[tdwg-content] Expressing some relationships in DwC?

Richard Pyle deepreef at bishopmuseum.org
Wed Oct 26 19:12:06 CEST 2011


> I have lost track of the number of times I've asked this question
> (I think it's somewhere around 4 times now) on the list without
> an answer: can anyone show me a functioning example where
> somebody is actually using the ResourceRelationship terms
> in any form?

That makes two of us.

> If I am understanding the use of the ResourceRelationship terms
> correctly (which I'm not at all sure about), dwc:resourceID represents
> an identifier for the subject of the relationship, dwc:relatedResourceID
> represents an identifier for the object of the relationship, and
> resourceRelationshipID represents an identifier for an _instance_ of a
> relationship which is further elaborated in the record for that instance
> by providing a string value for relationshipOfResource (using a controlled

> vocabulary) along with additional information about the relationships
> (according to whom, date, remarks).  What I think I'm hearing in this
> thread is a desire to start using these terms more widely and to improve
> interoperability  by standardizing the vocabulary used for
relationshipOfResource.
> I also think I'm hearing that it would be a good idea for values the xxID
terms to be GUIDs.

That's *exactly* my perspective.

> So what I'm wondering is why doing that would be better than just
> creating URI-identified object properties (a.k.a. predicates) that
> describe the relationship between the object and subject?
> Using the ResourceRelationship terms just makes "understanding" the
> relationship harder by requiring that the data consumer "look up"
> the value of the relationshipOfResource string for every instance
> of a relationship and then figure out if it's the same kind of
relationship
> as one that the consumer already knows or cares about.

Hmmm... not sure I follow.  My understanding is that resourceRelationship is
just a DwC wrapper to exchange what effectively amounts to triples, but with
some additional properties tied to each triple.  In other words, a
generalized way of packaging any kind of relationship (1:1, 1:M, M:M) in a
format that is more in keeping with the way DwC works than RDF is.  Perhaps
we should just focus on RDF/triples and not bother with a DwC package for
these kinds of relationships.

In any case, I don't see why relationshipOfResource cannot be populated with
a URI-identified predicate.  Or, perhaps introduce a
relationshipOfResourceID term.

A suggestion was made by John Deck within BiSciCol to propose two new terms
for this class: resourceType and relatedResourceType, which would be
populated by the name of the DwC class from which the respective two
identifiers are drawn.  This would include the kinds of things being related
without needing to resolve the two identifiers to determine that (e.g., via
dcterms:type from each record).  Whether or not BiSciCol utilizes this DwC
class, I think it's still worth exploring and putting some use cases out
there to test its efficacy.

> As I see it, the bottom line is that if we agree that it would be a
> best-practice for the xxID values to be GUIDs (which would either
> be URIs or could be URIs that are proxied UUIDs for UUID believers)

I am a "UUID believer" (or, more correctly, a believer in 128-bit
identifiers, of which UUID is merely one -- of potentially many -- protocol
for generation and a convention for rendering that is more human-friendly
than 128 consecutives 1's & 0's), and I am perfectly happy representing them
in this context as URIs.
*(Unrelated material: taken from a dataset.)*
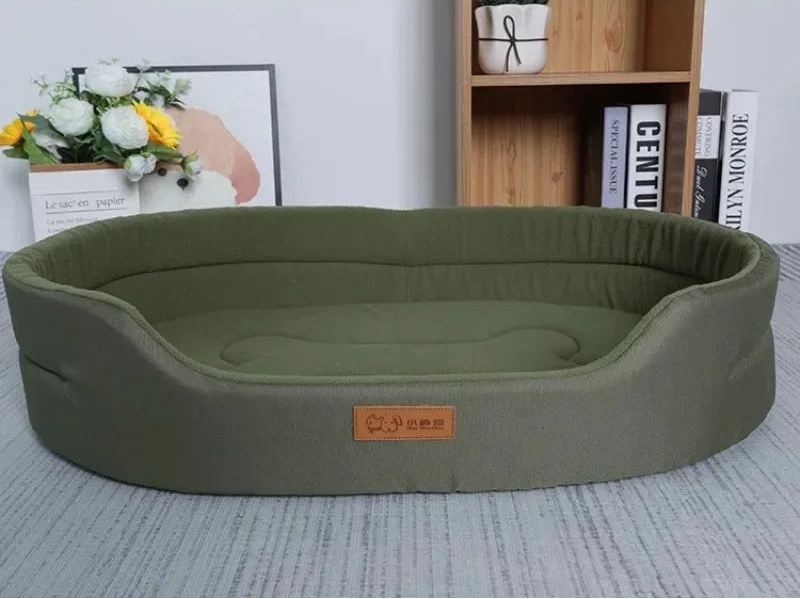 Fluffiges  Schlafsofa für Zuhause und Reisen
I don't even think of it as a proxy anymore -- I
think of it as a combined identifier (UUID) and resolution metadata (http or
other protocol prefix with domain+namespace), such that they fulfill the
function of a persistent, actionable identifier sensu TDWG.

But I digress...

> and that the relationships should be standardized, then the resource
> relationships boil down to RDF triples.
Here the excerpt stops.